Exercise goal | Each entry below must be repeated exactly. Leave the pictures out of it.

Data for the task |

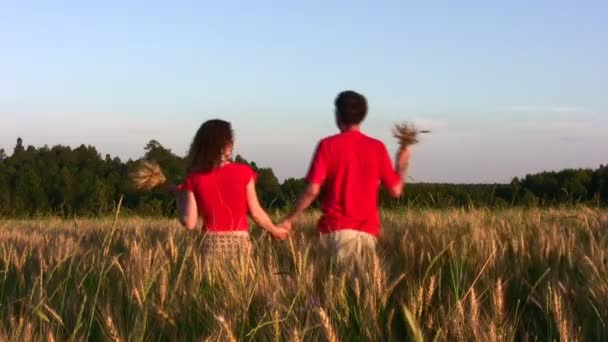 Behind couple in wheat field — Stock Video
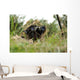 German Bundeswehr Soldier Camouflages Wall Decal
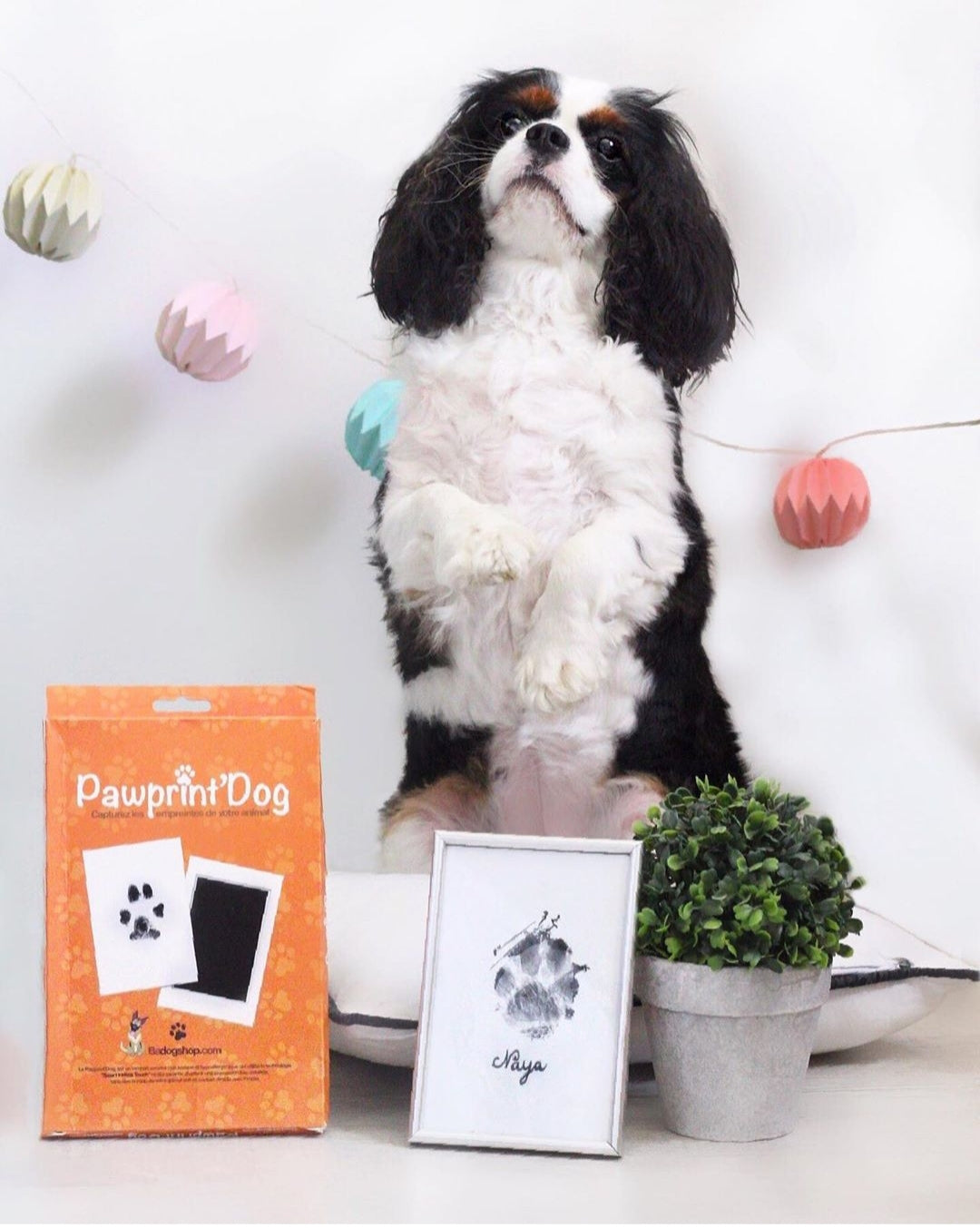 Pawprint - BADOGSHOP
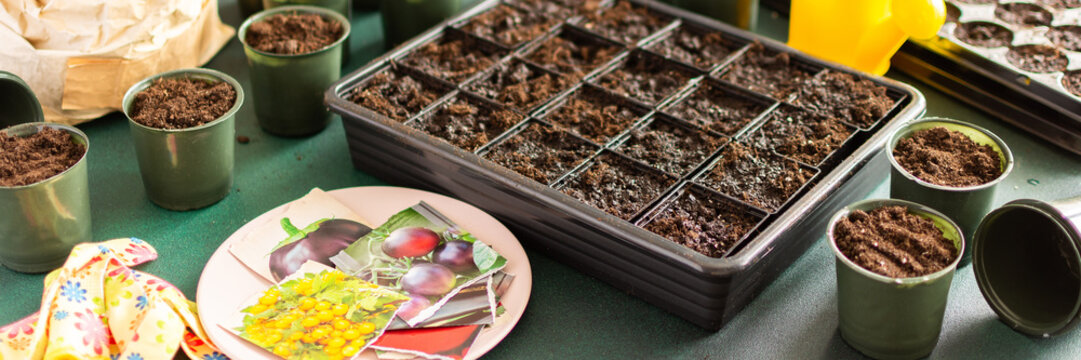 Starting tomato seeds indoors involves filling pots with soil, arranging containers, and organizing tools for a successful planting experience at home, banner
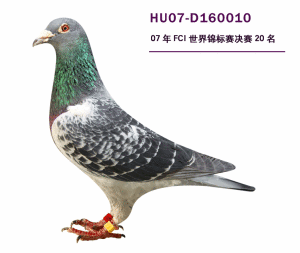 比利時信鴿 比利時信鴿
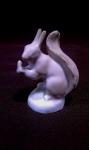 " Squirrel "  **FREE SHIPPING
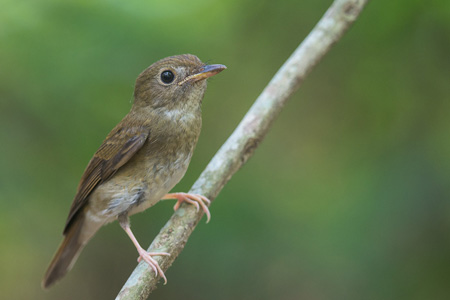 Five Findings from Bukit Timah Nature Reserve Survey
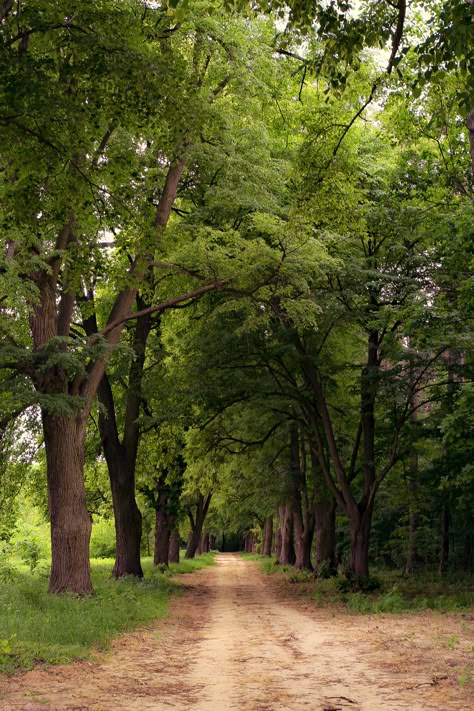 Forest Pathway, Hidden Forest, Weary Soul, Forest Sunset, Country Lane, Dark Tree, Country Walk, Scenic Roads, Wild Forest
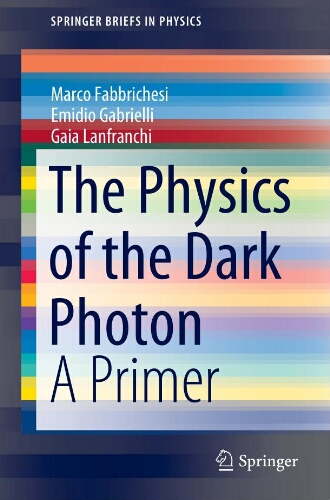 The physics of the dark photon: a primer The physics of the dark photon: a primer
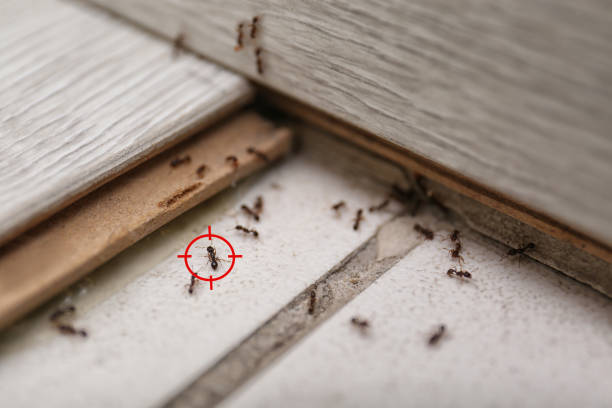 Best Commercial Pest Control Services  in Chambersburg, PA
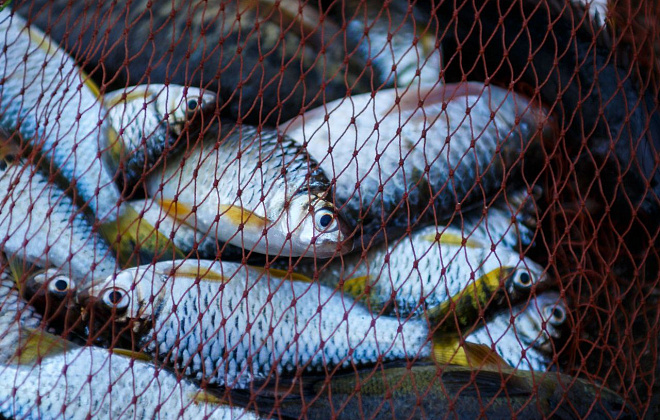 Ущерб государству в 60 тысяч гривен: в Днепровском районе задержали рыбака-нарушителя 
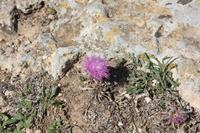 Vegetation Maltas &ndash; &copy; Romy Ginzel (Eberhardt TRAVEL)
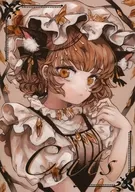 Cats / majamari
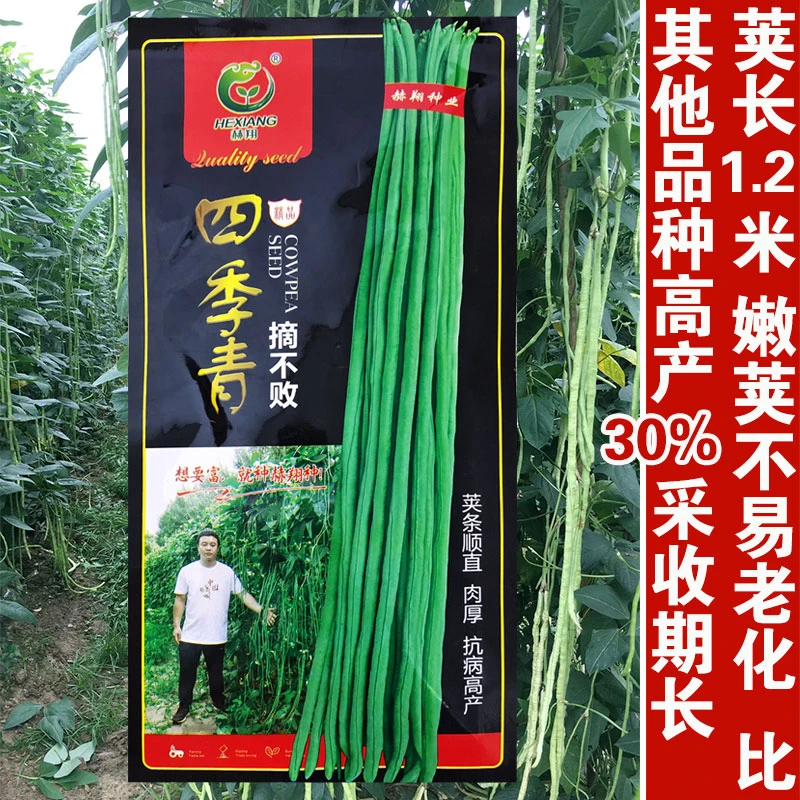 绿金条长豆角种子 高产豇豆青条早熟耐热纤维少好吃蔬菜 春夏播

Answer for this exercise |
 Behind couple in wheat field — Stock Video
 German Bundeswehr Soldier Camouflages Wall Decal
 Pawprint - BADOGSHOP
 Starting tomato seeds indoors involves filling pots with soil, arranging containers, and organizing tools for a successful planting experience at home, banner
 比利時信鴿 比利時信鴿
 " Squirrel "  **FREE SHIPPING
 Five Findings from Bukit Timah Nature Reserve Survey
 Forest Pathway, Hidden Forest, Weary Soul, Forest Sunset, Country Lane, Dark Tree, Country Walk, Scenic Roads, Wild Forest
 The physics of the dark photon: a primer The physics of the dark photon: a primer
 Best Commercial Pest Control Services  in Chambersburg, PA
 Ущерб государству в 60 тысяч гривен: в Днепровском районе задержали рыбака-нарушителя 
 Vegetation Maltas &ndash; &copy; Romy Ginzel (Eberhardt TRAVEL)
 Cats / majamari
 绿金条长豆角种子 高产豇豆青条早熟耐热纤维少好吃蔬菜 春夏播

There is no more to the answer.